Re: PERL , DHTML and the myth of cross-platform work

by "Darrell King" <darrell(at)>

 Date:  Wed, 6 Sep 2000 19:11:57 -0400
 To:  <hwg-techniques(at)>
 References:  hotmail
  todo: View Thread, Original
All of this is a long way around to telling you that Perl is a poor choice
if your primary goal is to become marketable. Companies with Unix
installations don't need Perl folks because they already have those skills
with their system admins. Companies in an NT environment aren't likely to be
using Perl in the first place, but if they do, they aren't going to be doing
complex things that require a full-time person to manage.

Perl is a fine language, but by itself, it's not likely to get you a job.

Please do not tell this to my clients, who are paying me quite frequently to
program applications in Perl 12 hours a day, 7 days a week.  I'm not a
SysAdmin, but simply a CGI gun for hire, writing shopping carts, form
handlers, database interfaces, web page editors and similar fun stuff.  Our
business site is HTML 4.01 Transitional dynamically generated by a Perl
script.  The environment is Apache on Linux with Perl 5.005 and MySQL 1.23.

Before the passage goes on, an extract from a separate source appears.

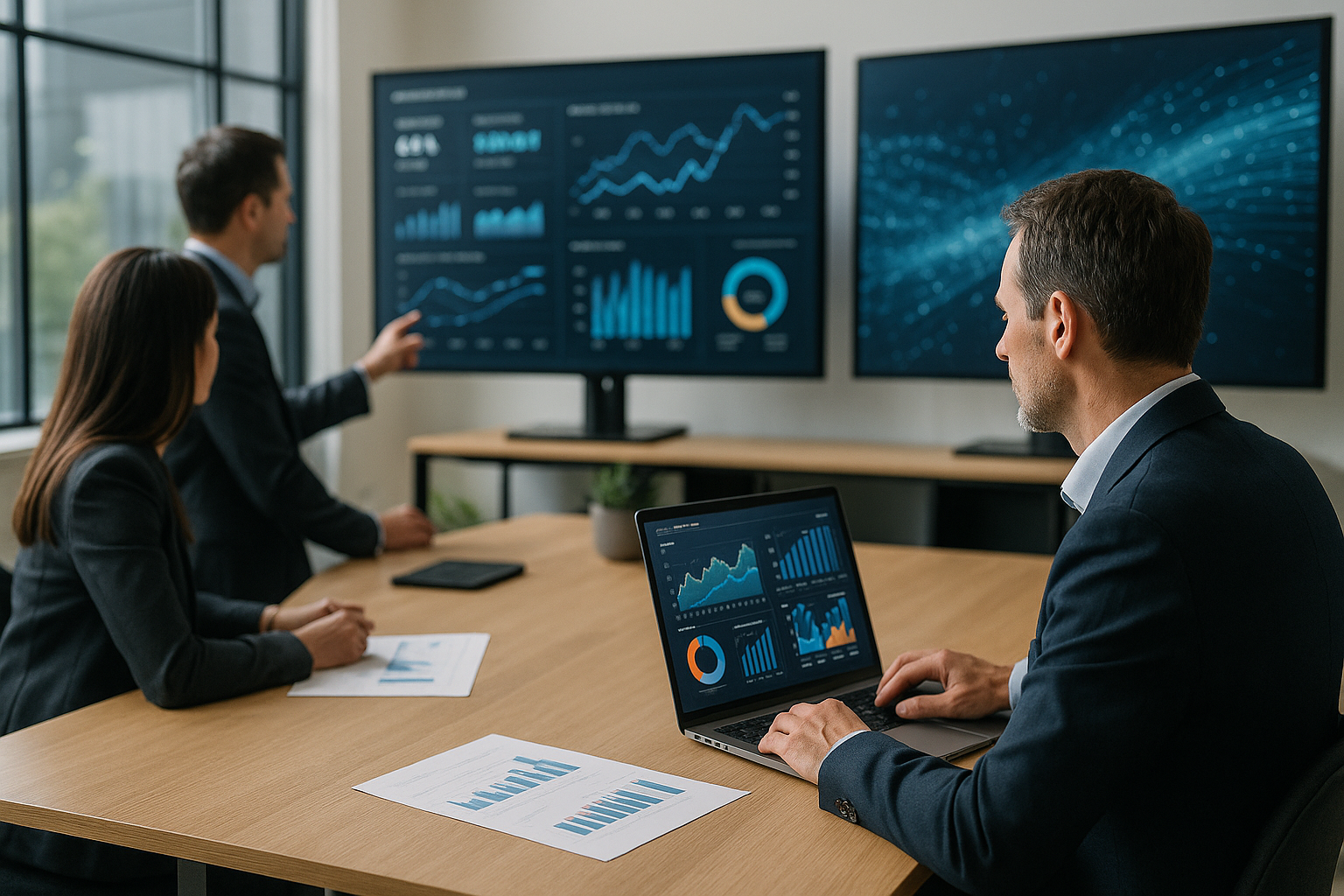 Team aziendale che analizza dati e processi digitali per migliorare le performance di business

That being said, I'd also like to add that (pulling from the original note)
PHP is quite comfortable in many different environments, and many have
indicated it was an easier language to learn than Perl.  You may find it
more comfortable if you catch onto the embedded concept more easily than
that of independantly located scripts.

I should also add that I don't work in NT environments at all.  I'm just too
busy to spend the time needed to learn to adapt my Perl scripts to NT.  I
suppose someday, when things calm down a bit, I'll learn it just for grins.

I would have the guess, however, that the above evaluation of Perl being
less valuable in that environment might be correct.  If you wish to work
with NT, you might want to look into ASP.  If you would rather explore the
*nix world...especially under Apache...then either Perl or PHP make
excellent choices for CGI programming.